The battle grew violent and then fierce and finally bloody and very soon ceased altogether to be entertaining. The kitchen staff overwhelmed the bar and either developed or remembered an uncanny natural capacity for tenderizing meat. The waiters that didn’t abandon their station and run off in all directions were beaten against the bar’s floor of polished California granite. This left five stout and tattooed kitchen workers bloody and victorious and newly confident of their claim on Honor so when they rose from behind the bar they were varying degrees of enraged to discover that she had left during an entertainment that had been largely for her benefit.
At that moment Honor was touring the back halls of the hotel.

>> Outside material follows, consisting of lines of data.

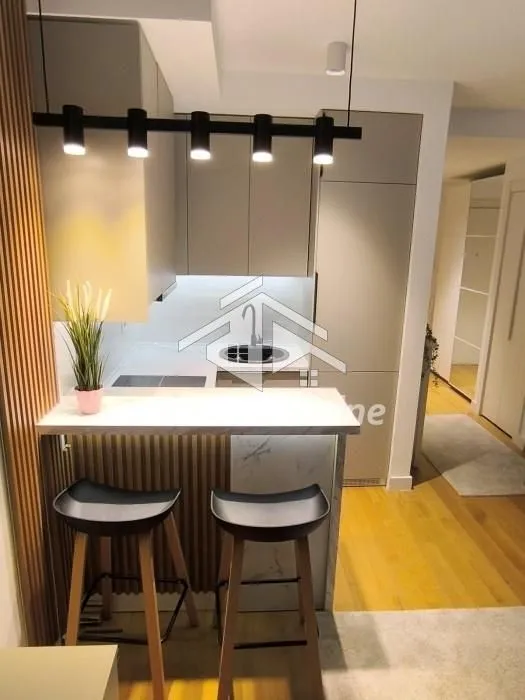 Rent, one bedroom apartment, 27m², Lion, Zvezdara Sve Podlokacije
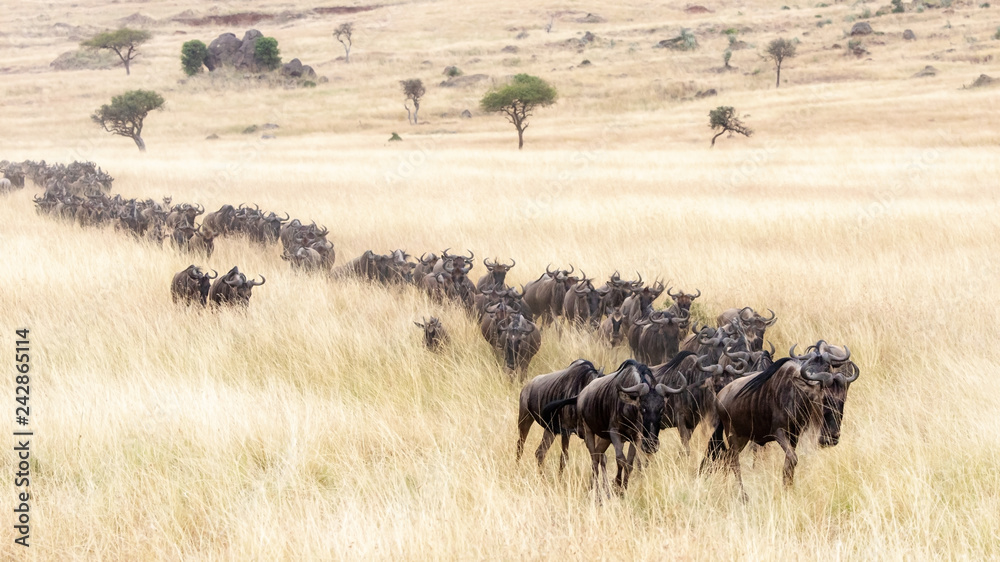 Procession of wildebeest through the Masai mara Procession of wildebeest through the Masai mara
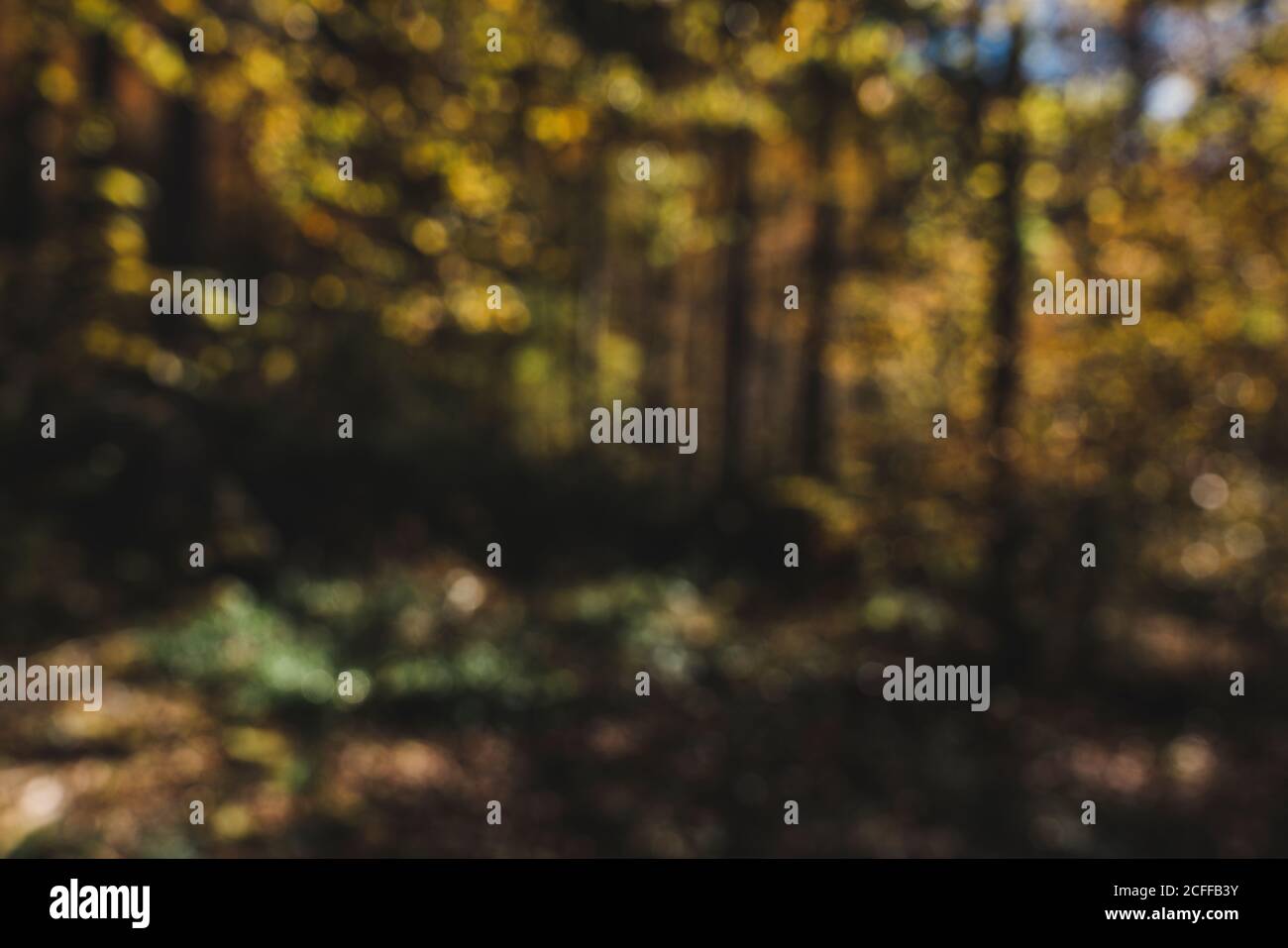 Defocsued Baumstämme mit gelben und orangefarbenen Blättern wächst in Ruhiger Wald tagsüber im Herbst Stockfoto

The only light was standard blue emergency lighting and the halls and walls and floor had a cloned character to them that gave the staff area of the hotel a labyrinthine quality. She was lost. But she had her sandwich and sense of adventure and there were treasures, it seemed, behind every door. An oversized linen closet — more of a linen hall — yielded a plush robe with the insignia of the hotel over the left breast. Another equally cavernous room appeared to be the liquor store and was lined with shelves of every variation on the theme of hard liquor, from Bourbon and Scotch to grappa and rice wine. The treasures were stacked to the ceiling — about the height of two average sized Honors — and the only uncovered spot was a high window leading to the outside and secured with two-inch bars of exactly the sort, in Honor’s expert opinion, used in zoo enclosures.
The next room was actually two rooms and had two doors and no theme to speak of — it was stacks and shelves and boxes and baggage of everything that the most twisted and imaginative guest can ever contrive to forget in a hotel. It was a predictable lost-and-found of clothes and jewellery and junk but it was also an Aladdin’s cave of fishing rods and bicycles and punching bags and an astonishingly large number of stuffed and mounted domestic animals, accepting that anything more than one taxidermied Dachshund is astonishing.